■ WHAT YOU HAVE TO DO:
Apart from the pictures, every entry below should be repeated exactly.

■ MATERIAL PROVIDED:
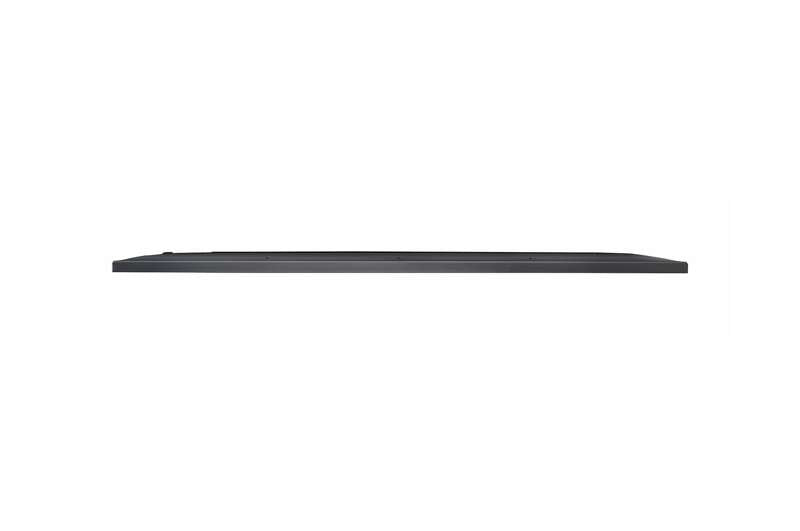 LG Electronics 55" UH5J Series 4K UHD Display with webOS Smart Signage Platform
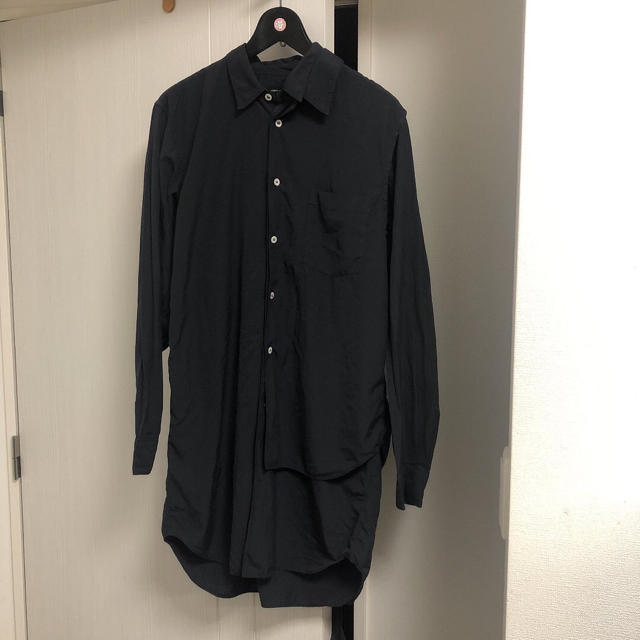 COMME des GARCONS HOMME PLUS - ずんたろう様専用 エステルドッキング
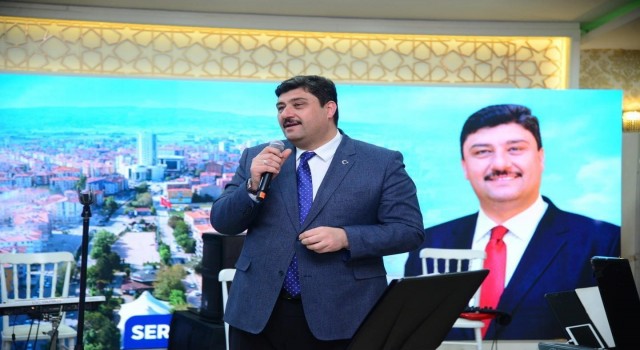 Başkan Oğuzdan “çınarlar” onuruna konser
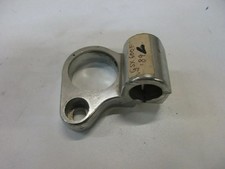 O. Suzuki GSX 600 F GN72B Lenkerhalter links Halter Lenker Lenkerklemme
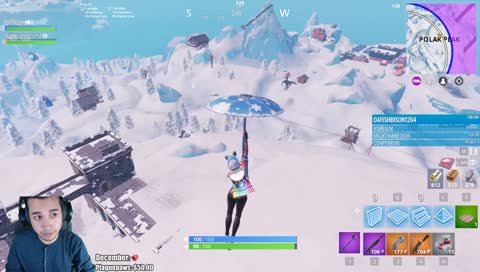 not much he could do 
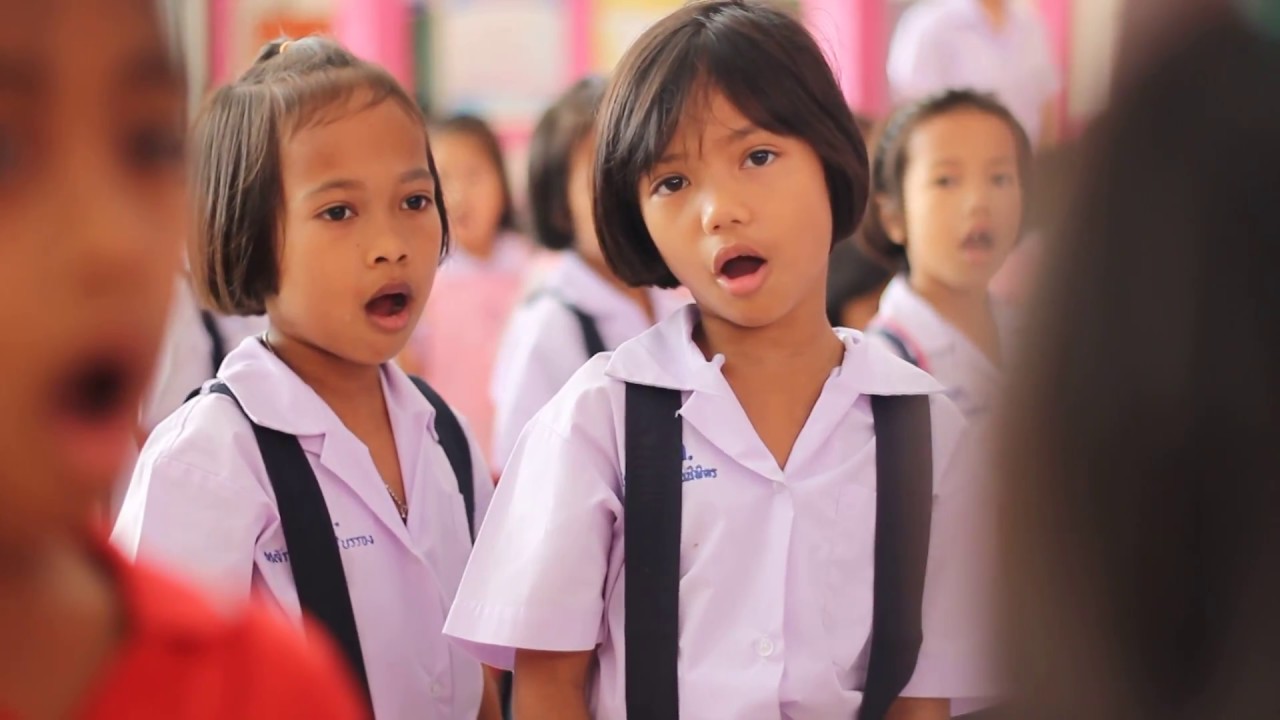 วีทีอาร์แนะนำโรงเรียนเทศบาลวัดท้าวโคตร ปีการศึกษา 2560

■ FINAL ANSWER:
 LG Electronics 55" UH5J Series 4K UHD Display with webOS Smart Signage Platform
 COMME des GARCONS HOMME PLUS - ずんたろう様専用 エステルドッキング
 Başkan Oğuzdan “çınarlar” onuruna konser
 O. Suzuki GSX 600 F GN72B Lenkerhalter links Halter Lenker Lenkerklemme
 not much he could do 
 วีทีอาร์แนะนำโรงเรียนเทศบาลวัดท้าวโคตร ปีการศึกษา 2560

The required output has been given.